> [The problem] In the entries below, the lines from the one with "Amber Tulip Vase" through the one with "Add a touch" are to be copied exactly; both ends count.

*** Opening of Provided records ***

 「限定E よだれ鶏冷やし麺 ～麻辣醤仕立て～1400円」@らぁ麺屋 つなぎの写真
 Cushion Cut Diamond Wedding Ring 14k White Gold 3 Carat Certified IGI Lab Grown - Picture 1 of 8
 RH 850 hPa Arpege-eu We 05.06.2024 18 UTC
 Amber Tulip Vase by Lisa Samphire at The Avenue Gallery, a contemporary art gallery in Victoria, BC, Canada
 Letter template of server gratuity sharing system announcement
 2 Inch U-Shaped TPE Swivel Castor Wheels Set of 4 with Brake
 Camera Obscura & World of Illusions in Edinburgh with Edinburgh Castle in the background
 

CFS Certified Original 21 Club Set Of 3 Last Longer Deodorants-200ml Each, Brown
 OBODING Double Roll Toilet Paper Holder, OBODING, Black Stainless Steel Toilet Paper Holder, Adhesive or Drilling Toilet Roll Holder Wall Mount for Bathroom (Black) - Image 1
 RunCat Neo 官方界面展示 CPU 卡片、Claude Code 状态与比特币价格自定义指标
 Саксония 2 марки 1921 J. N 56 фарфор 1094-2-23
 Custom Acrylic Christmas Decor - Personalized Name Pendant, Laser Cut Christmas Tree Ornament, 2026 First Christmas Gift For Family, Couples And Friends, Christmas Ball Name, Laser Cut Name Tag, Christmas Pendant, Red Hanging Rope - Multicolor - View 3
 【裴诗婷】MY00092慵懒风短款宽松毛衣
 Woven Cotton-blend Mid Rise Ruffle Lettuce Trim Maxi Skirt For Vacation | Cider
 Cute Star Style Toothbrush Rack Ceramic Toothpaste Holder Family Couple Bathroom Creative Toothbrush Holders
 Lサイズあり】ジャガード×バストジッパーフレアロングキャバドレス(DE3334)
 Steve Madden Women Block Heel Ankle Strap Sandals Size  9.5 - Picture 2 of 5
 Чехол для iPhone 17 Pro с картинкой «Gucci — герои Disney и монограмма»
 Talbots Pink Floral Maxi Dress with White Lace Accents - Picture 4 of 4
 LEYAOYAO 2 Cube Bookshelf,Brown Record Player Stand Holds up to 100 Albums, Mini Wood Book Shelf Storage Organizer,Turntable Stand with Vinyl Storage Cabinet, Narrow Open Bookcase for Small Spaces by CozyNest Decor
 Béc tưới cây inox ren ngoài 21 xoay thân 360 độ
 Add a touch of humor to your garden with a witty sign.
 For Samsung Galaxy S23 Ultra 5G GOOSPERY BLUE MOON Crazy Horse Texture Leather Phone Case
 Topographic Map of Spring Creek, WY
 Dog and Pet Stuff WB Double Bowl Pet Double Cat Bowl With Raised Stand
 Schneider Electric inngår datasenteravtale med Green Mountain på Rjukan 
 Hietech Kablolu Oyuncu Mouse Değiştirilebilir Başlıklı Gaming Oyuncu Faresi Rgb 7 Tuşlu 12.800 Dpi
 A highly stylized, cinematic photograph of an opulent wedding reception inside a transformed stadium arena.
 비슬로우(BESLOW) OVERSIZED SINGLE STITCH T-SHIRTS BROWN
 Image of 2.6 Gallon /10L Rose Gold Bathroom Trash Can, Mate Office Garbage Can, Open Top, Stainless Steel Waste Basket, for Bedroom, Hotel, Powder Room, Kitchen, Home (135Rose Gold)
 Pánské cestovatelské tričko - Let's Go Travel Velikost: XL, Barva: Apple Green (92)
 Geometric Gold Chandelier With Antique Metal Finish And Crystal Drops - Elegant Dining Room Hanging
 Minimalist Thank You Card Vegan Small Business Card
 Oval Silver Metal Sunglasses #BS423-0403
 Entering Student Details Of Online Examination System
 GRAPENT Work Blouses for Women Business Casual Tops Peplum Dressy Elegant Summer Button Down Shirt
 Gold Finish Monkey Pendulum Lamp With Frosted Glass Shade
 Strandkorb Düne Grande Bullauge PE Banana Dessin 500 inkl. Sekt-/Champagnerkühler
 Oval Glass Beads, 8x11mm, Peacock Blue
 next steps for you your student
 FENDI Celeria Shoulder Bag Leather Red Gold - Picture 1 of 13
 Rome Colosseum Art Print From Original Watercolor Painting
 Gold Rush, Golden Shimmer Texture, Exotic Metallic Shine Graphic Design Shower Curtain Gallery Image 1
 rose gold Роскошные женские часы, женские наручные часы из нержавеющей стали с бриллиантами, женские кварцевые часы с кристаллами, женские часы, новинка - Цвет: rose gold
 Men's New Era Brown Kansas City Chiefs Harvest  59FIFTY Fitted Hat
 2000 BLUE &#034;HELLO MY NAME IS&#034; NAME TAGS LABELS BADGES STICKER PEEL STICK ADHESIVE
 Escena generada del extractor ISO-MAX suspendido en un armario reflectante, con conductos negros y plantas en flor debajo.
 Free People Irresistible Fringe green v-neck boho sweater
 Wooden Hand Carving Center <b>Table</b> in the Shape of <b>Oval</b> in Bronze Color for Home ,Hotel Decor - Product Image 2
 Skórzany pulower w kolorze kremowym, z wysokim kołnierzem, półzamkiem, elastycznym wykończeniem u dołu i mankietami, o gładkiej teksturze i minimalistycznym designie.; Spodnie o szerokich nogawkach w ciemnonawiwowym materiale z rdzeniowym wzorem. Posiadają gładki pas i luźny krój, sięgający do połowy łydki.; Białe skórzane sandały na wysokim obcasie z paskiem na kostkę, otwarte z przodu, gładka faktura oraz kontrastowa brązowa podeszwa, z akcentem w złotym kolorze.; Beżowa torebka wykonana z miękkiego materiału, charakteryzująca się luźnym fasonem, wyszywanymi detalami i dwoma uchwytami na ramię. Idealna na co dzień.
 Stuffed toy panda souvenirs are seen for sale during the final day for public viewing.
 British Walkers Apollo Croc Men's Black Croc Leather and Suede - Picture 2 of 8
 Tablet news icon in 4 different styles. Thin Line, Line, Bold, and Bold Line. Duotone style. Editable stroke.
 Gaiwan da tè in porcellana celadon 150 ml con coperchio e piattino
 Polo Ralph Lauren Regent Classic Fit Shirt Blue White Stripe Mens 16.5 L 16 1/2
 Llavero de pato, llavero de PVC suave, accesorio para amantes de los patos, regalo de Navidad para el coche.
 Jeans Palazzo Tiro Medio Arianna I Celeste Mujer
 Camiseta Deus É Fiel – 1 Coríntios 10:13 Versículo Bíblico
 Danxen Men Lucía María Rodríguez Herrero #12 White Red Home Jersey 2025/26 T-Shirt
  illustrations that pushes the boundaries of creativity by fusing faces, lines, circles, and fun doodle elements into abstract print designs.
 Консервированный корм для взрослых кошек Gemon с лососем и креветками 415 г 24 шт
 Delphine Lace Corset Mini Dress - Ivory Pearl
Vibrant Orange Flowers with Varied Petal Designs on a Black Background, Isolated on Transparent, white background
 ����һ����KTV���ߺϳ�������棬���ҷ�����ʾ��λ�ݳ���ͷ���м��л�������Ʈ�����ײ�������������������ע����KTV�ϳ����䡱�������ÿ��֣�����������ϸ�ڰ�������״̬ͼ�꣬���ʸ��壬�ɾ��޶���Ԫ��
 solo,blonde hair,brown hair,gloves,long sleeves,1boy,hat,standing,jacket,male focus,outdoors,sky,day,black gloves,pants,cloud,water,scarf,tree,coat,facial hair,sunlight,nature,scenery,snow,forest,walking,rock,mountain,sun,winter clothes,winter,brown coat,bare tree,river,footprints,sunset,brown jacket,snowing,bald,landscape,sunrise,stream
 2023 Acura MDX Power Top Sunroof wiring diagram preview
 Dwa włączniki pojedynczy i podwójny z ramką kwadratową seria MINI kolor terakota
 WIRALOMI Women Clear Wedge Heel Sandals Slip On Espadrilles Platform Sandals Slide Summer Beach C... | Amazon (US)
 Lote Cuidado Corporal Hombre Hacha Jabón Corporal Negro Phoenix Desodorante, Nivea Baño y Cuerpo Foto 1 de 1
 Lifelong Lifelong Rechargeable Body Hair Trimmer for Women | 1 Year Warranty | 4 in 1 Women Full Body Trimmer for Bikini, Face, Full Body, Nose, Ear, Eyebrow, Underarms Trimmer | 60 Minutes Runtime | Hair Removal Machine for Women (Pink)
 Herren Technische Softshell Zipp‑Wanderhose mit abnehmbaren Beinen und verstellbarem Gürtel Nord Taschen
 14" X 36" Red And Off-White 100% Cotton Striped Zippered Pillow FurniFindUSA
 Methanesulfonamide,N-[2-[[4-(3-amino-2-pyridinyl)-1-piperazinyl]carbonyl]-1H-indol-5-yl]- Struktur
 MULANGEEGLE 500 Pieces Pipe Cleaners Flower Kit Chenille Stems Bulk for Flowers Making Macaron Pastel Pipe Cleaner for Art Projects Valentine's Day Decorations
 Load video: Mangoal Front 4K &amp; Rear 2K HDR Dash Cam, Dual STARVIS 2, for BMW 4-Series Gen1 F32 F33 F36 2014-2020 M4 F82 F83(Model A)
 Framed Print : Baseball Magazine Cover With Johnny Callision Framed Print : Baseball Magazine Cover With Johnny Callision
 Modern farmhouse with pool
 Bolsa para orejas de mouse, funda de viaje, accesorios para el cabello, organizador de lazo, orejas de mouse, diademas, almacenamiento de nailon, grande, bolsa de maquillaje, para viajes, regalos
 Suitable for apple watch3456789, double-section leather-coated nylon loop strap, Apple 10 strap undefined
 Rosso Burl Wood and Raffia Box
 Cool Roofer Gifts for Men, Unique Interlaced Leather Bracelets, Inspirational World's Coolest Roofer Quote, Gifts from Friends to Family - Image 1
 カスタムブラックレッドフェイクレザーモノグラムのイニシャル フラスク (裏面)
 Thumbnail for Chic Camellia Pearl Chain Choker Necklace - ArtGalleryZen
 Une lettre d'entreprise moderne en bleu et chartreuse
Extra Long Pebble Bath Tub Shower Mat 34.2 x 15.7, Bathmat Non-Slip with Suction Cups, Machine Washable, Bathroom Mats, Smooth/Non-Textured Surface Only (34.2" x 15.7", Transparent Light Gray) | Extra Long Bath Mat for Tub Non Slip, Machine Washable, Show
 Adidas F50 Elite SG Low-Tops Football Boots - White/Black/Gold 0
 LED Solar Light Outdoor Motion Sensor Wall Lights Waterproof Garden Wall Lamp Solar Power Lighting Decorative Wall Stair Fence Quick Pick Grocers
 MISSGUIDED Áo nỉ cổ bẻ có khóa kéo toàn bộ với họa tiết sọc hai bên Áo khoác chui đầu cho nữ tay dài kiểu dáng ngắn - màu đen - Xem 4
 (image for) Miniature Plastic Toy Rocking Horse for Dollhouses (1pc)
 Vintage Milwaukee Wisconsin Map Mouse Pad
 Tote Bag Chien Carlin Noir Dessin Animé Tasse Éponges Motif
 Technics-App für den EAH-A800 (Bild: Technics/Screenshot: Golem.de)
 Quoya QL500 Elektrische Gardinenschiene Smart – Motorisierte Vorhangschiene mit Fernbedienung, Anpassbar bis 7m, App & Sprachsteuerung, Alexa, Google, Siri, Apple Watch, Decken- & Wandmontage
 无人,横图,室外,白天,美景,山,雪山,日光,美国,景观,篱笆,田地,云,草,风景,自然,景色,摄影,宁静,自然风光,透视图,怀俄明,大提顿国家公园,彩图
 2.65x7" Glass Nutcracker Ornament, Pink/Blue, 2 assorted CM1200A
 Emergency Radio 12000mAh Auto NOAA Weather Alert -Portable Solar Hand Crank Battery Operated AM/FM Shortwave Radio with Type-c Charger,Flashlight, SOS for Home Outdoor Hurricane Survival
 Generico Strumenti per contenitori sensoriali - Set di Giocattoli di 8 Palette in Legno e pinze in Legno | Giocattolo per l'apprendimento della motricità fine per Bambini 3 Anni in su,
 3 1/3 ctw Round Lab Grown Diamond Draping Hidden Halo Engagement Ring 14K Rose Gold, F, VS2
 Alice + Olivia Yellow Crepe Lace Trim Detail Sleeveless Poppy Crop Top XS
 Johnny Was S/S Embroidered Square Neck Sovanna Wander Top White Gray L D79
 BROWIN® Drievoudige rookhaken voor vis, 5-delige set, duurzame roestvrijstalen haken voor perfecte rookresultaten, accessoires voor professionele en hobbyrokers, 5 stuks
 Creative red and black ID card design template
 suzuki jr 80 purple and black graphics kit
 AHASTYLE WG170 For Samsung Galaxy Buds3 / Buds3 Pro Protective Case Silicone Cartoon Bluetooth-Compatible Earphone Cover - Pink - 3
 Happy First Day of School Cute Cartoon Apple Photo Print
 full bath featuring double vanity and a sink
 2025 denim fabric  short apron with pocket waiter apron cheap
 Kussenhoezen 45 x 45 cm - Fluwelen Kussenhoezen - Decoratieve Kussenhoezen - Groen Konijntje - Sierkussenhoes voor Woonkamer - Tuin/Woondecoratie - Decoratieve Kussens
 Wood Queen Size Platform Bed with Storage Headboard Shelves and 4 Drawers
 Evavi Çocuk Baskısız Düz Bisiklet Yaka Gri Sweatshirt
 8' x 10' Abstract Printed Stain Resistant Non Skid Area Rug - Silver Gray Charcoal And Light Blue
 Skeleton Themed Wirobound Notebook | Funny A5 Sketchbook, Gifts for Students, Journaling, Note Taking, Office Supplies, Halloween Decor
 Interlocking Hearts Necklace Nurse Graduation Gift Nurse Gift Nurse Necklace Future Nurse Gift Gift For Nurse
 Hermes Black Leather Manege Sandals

*** Close of Provided records ***

> [Response]
 Amber Tulip Vase by Lisa Samphire at The Avenue Gallery, a contemporary art gallery in Victoria, BC, Canada
 Letter template of server gratuity sharing system announcement
 2 Inch U-Shaped TPE Swivel Castor Wheels Set of 4 with Brake
 Camera Obscura & World of Illusions in Edinburgh with Edinburgh Castle in the background
 

CFS Certified Original 21 Club Set Of 3 Last Longer Deodorants-200ml Each, Brown
 OBODING Double Roll Toilet Paper Holder, OBODING, Black Stainless Steel Toilet Paper Holder, Adhesive or Drilling Toilet Roll Holder Wall Mount for Bathroom (Black) - Image 1
 RunCat Neo 官方界面展示 CPU 卡片、Claude Code 状态与比特币价格自定义指标
 Саксония 2 марки 1921 J. N 56 фарфор 1094-2-23
 Custom Acrylic Christmas Decor - Personalized Name Pendant, Laser Cut Christmas Tree Ornament, 2026 First Christmas Gift For Family, Couples And Friends, Christmas Ball Name, Laser Cut Name Tag, Christmas Pendant, Red Hanging Rope - Multicolor - View 3
 【裴诗婷】MY00092慵懒风短款宽松毛衣
 Woven Cotton-blend Mid Rise Ruffle Lettuce Trim Maxi Skirt For Vacation | Cider
 Cute Star Style Toothbrush Rack Ceramic Toothpaste Holder Family Couple Bathroom Creative Toothbrush Holders
 Lサイズあり】ジャガード×バストジッパーフレアロングキャバドレス(DE3334)
 Steve Madden Women Block Heel Ankle Strap Sandals Size  9.5 - Picture 2 of 5
 Чехол для iPhone 17 Pro с картинкой «Gucci — герои Disney и монограмма»
 Talbots Pink Floral Maxi Dress with White Lace Accents - Picture 4 of 4
 LEYAOYAO 2 Cube Bookshelf,Brown Record Player Stand Holds up to 100 Albums, Mini Wood Book Shelf Storage Organizer,Turntable Stand with Vinyl Storage Cabinet, Narrow Open Bookcase for Small Spaces by CozyNest Decor
 Béc tưới cây inox ren ngoài 21 xoay thân 360 độ
 Add a touch of humor to your garden with a witty sign.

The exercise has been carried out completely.